What did I do to my hair recently? I mean I did post a picture on Instagram yesterday in a wig because I was really bored at home and I just started playing dress-up in my closet, which is one of my favorite things to do since I was a kid and I took a picture of it. It’s very COVID-19, the look.
I mean if it’s all in the name of … It’s entertainment. I mean it’s all part of it, it’s all putting on a show. I mean that’s what we do. I do find it funny sometimes because I see certain things where it’s a bit of a double standard because I’m a man or a gay man even and it’s like women are changing their hair constantly and no one’s writing articles about it. You know what I mean?
Or I wear makeup, and I love eye makeup, and I was doing an interview somewhere and they said, “Oh, can we have you put makeup on the host?” And I was like, “Why? What? I’m not here selling makeup.” You know what I mean? If I had my own makeup line, yeah, that would make sense, but I’m here to talk about my album.
It’s like, would you ask a woman to put makeup on the host? No. They’re like innocent double standards, you know what I mean? I’m not offended, but I’m also like, “Uh … OK.”

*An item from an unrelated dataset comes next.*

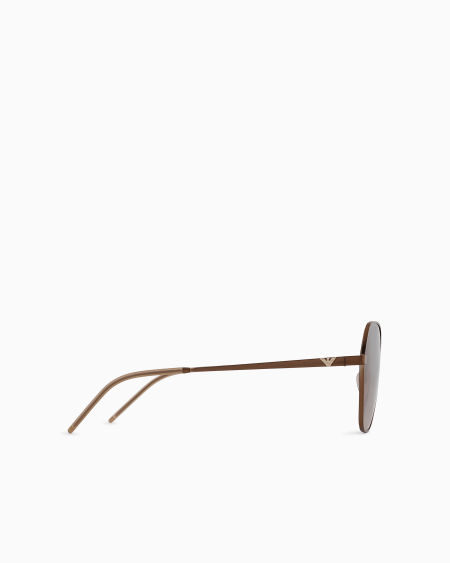 Armani Gafas de sol de forma irregular para mujer Promoción trimestral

These days, it’s hard to stay home and keep yourself busy and everything.
I know, right? Well, I started putting wigs on and posting them on Instagram. That’s what happened to me.
Do you feel like there’s something that you’re itching to do that you haven’t done yet or something that’s on the horizon?
I would like to get more into the acting world. I think that would be really fun. And also, I’m starting to become interested in planting seeds in the creative space where it’s not necessarily for my own music, but to create other projects behind the scenes, to be a producer or a writer or a consultant. There’s definitely some stuff in the works. So I’m getting geared up for that.
This interview has been edited and condensed for clarity.